Через шесть лет после этого события я снова оказалась в Париже, но уже по заданию Дзержинского. Мне предстояло встретиться с тайным агентом ЧК — генералом Скоблиным и его женой — певицей Плевицкой. Когда я подъехала к ресторану, швейцар не хотел меня пускать — он не знал меня в лицо. Он спросил, как ему доложить генералу, кто его спрашивает.

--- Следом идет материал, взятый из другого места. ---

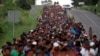 IOM: Migrant Caravan Heading to US Border Poses No Threat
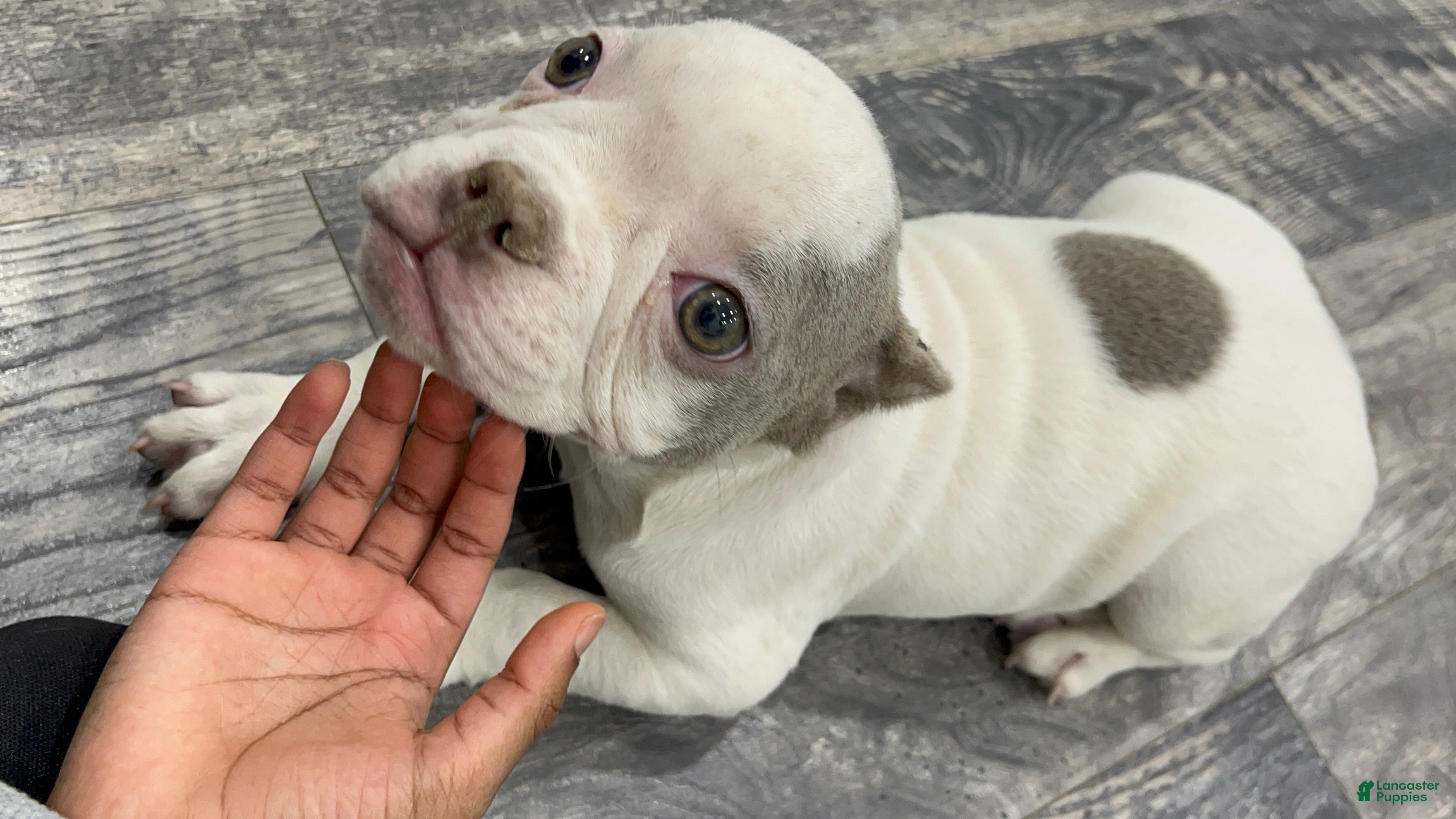 American Bully dogs for sale: Angel  - Ad 2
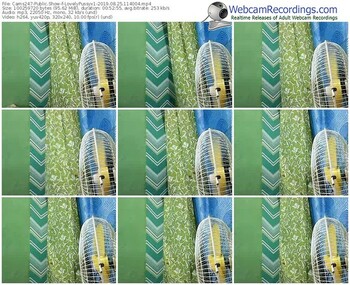 cams247-lovelypussyx1-webcam-show-08_25_2019-11_40_04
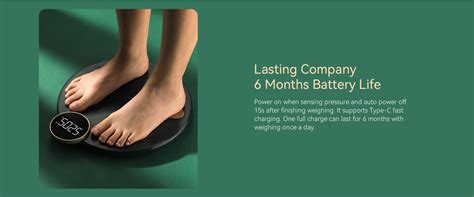 Haylou Smart Body Fat Scale Price in Bangladesh - Motion View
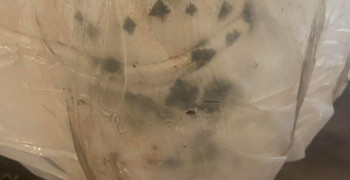 Thumbnail photo by Janet Yorke of Canadian National Van Lines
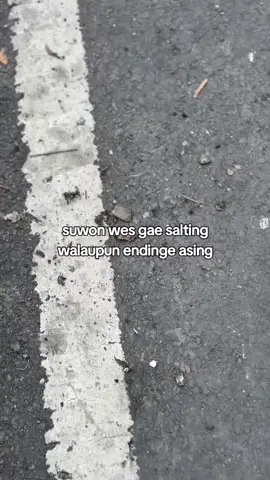 #pacet_mojokerto #pacet24jam #vibesstory 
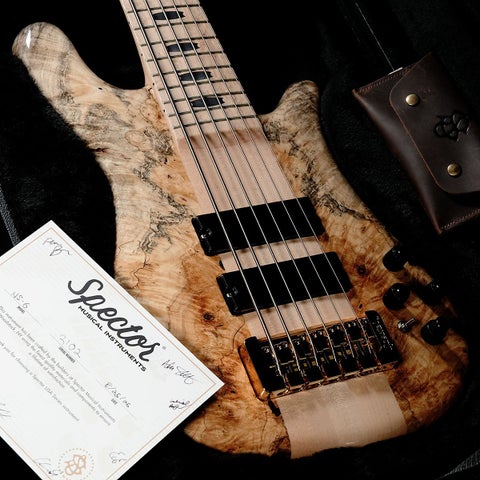 Spector / Custom Order NS-6 32inch Buckeye Burl Top Natural(重量:4.11kg)【S/N:2102】【渋谷店】《長期展示品チョイキズアウトレット特価》《渋谷店セール》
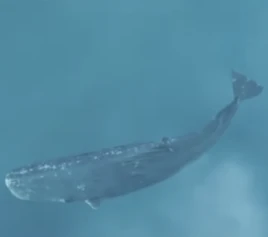 Magratheawhale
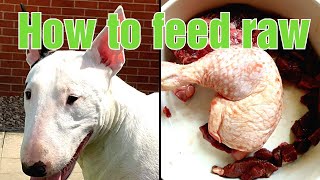 How to feed raw food to dogs - variation is key + ASMR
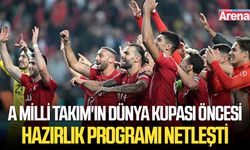 A Milli Takım'ın Dünya Kupası öncesi hazırlık programı netleşti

И тогда я впервые сказала вслух то, что много раз повторяла про себя: «Скажите, княгиня Екатерина Белозерская…» О, я представляла, как вытянутся лица у завсегдатаев ресторана, стоит мне войти в зал, но впечатление было еще более сильным.
Едва швейцар назвал меня, все разговоры стихли. Обернувшись ко входу, присутствующие смотрели на меня кто с любопытством, восхищением, иные с неодобрением и даже с ненавистью, а некоторые — со страхом. И, кстати, таких было большинство. Многие ведь считали меня погибшей, почти пять лет обо мне не было никаких вестей. И вот увидели — как прежде, красивую, тогда еще совсем молодую, без пули в затылке, — Катерина Алексеевна горько усмехнулась. — При Дзержинском меня не расстреливали, начали позже.